◆ About this exercise: Locate the line bearing "Macro Design CROWN" in the material below, then reproduce it and each following line up to and including the line bearing "2012 Nissan Versa".

◆ Material to process:
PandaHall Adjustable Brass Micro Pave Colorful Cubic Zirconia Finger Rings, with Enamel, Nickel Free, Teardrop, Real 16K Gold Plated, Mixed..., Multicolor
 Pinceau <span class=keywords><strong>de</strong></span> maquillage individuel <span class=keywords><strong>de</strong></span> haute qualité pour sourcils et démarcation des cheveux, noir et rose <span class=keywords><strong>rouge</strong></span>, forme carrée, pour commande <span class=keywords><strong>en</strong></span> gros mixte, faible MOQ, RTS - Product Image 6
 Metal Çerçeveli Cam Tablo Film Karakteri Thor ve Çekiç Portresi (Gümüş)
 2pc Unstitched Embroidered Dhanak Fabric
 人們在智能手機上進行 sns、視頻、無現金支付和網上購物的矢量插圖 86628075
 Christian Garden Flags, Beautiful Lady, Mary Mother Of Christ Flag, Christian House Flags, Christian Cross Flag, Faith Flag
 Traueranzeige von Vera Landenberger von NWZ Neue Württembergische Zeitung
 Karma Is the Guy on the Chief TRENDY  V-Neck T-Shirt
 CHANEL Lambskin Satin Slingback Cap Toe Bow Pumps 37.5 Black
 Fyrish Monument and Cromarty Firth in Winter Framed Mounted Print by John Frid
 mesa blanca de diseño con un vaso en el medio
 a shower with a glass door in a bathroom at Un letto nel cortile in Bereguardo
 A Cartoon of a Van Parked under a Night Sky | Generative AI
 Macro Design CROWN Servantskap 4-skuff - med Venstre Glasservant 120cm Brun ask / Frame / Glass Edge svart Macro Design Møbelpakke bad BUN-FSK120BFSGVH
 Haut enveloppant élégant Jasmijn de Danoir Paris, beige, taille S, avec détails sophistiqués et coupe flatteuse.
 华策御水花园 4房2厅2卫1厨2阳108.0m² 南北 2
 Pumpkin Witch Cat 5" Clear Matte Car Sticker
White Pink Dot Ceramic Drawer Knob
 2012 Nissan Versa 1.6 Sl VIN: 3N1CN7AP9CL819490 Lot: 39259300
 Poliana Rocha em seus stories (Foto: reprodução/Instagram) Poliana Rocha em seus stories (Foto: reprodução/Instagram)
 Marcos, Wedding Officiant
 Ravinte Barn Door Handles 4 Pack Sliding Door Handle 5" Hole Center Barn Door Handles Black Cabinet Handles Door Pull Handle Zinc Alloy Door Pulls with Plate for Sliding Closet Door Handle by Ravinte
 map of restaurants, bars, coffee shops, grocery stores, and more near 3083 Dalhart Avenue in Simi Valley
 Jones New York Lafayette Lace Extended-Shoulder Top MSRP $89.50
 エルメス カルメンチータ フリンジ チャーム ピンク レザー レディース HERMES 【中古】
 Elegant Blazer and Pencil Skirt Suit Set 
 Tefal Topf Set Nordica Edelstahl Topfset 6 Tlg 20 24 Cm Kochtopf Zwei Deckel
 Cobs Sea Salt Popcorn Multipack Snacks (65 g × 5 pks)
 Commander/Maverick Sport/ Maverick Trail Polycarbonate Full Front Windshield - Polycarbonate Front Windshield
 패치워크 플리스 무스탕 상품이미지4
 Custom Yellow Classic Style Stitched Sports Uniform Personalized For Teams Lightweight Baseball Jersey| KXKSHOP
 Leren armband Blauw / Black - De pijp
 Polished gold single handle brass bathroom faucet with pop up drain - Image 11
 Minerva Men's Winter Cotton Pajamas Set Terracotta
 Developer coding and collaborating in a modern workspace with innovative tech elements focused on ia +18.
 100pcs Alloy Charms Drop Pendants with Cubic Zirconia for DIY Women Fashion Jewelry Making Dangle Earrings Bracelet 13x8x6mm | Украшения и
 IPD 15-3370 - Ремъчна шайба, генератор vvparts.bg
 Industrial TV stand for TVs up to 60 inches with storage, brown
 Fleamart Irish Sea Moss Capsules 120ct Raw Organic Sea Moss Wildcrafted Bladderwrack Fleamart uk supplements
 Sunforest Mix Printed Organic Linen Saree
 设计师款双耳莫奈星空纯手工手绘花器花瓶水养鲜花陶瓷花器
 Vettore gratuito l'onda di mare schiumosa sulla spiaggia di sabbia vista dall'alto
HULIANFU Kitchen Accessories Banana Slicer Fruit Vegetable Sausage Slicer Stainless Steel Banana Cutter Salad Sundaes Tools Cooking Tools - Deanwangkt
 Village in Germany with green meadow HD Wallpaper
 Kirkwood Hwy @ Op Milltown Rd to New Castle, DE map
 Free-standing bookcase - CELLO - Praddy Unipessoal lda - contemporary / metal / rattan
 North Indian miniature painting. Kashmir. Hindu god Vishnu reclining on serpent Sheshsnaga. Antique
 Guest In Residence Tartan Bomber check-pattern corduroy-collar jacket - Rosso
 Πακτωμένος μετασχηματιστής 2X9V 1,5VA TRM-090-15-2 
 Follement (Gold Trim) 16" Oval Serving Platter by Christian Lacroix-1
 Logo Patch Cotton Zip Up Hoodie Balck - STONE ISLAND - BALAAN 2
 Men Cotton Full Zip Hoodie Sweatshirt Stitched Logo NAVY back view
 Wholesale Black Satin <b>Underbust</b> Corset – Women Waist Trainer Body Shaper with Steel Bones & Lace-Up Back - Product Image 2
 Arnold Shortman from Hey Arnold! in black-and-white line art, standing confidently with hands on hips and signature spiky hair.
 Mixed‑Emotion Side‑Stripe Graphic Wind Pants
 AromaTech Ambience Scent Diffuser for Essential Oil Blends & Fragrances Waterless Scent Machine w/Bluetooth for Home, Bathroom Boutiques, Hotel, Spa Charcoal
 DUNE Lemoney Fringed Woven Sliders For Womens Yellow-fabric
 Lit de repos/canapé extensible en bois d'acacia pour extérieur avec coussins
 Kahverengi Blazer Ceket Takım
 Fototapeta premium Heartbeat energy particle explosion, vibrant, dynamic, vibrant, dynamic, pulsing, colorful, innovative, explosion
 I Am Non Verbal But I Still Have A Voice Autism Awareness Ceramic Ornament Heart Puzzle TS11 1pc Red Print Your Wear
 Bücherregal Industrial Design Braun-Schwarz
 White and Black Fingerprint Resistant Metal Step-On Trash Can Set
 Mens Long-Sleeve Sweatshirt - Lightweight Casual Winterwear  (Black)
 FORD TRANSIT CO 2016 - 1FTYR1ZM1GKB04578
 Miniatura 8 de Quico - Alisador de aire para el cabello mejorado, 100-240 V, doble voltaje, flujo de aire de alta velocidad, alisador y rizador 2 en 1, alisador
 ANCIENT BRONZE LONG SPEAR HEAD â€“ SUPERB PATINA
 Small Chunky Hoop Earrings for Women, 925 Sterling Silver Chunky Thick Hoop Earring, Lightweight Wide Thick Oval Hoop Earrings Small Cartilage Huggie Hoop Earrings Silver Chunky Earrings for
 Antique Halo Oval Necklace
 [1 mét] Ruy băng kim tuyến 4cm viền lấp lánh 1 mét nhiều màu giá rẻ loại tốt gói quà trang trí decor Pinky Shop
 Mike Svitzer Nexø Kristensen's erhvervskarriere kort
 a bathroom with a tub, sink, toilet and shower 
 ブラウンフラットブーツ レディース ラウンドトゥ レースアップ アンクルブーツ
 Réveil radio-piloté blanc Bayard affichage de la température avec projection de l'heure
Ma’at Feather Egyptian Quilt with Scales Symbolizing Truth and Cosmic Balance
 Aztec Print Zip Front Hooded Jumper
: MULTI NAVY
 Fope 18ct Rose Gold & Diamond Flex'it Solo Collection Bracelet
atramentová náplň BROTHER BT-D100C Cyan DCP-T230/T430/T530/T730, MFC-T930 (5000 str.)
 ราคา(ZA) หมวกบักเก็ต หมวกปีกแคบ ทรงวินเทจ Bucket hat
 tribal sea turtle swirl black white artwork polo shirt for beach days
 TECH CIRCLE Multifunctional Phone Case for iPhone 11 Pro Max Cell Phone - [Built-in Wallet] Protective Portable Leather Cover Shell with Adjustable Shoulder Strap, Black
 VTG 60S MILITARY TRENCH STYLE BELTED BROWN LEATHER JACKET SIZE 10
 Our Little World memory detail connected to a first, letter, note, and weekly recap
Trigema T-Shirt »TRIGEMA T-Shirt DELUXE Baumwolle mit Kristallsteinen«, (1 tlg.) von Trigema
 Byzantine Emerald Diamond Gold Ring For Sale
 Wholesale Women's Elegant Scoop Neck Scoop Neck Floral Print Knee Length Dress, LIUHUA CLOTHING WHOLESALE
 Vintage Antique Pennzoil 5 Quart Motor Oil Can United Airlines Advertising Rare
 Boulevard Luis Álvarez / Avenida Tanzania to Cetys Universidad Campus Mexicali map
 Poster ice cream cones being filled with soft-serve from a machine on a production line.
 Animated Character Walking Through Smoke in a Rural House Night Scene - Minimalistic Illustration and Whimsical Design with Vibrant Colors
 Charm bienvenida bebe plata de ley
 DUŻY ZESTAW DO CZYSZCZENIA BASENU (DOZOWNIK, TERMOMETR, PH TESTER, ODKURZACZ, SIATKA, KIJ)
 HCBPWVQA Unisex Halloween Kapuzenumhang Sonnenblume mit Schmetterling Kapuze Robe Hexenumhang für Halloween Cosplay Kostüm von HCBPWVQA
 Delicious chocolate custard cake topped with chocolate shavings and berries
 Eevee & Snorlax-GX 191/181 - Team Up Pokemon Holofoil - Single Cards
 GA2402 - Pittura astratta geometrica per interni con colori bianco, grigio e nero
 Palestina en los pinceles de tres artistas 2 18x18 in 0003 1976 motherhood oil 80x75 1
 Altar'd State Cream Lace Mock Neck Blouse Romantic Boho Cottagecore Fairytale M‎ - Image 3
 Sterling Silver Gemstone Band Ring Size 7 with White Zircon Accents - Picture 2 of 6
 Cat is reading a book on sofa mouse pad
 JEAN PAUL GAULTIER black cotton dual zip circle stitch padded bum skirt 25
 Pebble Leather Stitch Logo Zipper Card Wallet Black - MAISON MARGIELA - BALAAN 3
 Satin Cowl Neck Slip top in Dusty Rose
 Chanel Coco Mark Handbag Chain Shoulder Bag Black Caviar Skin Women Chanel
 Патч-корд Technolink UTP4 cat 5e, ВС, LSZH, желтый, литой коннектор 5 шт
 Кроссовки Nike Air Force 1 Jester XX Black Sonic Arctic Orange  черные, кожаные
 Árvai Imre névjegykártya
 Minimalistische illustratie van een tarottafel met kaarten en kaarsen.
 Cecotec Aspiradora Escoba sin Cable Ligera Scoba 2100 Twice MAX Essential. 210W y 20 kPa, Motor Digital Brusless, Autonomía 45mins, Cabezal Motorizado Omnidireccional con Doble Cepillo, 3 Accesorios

◆ Answer to this exercise:
 Macro Design CROWN Servantskap 4-skuff - med Venstre Glasservant 120cm Brun ask / Frame / Glass Edge svart Macro Design Møbelpakke bad BUN-FSK120BFSGVH
 Haut enveloppant élégant Jasmijn de Danoir Paris, beige, taille S, avec détails sophistiqués et coupe flatteuse.
 华策御水花园 4房2厅2卫1厨2阳108.0m² 南北 2
 Pumpkin Witch Cat 5" Clear Matte Car Sticker
White Pink Dot Ceramic Drawer Knob
 2012 Nissan Versa 1.6 Sl VIN: 3N1CN7AP9CL819490 Lot: 39259300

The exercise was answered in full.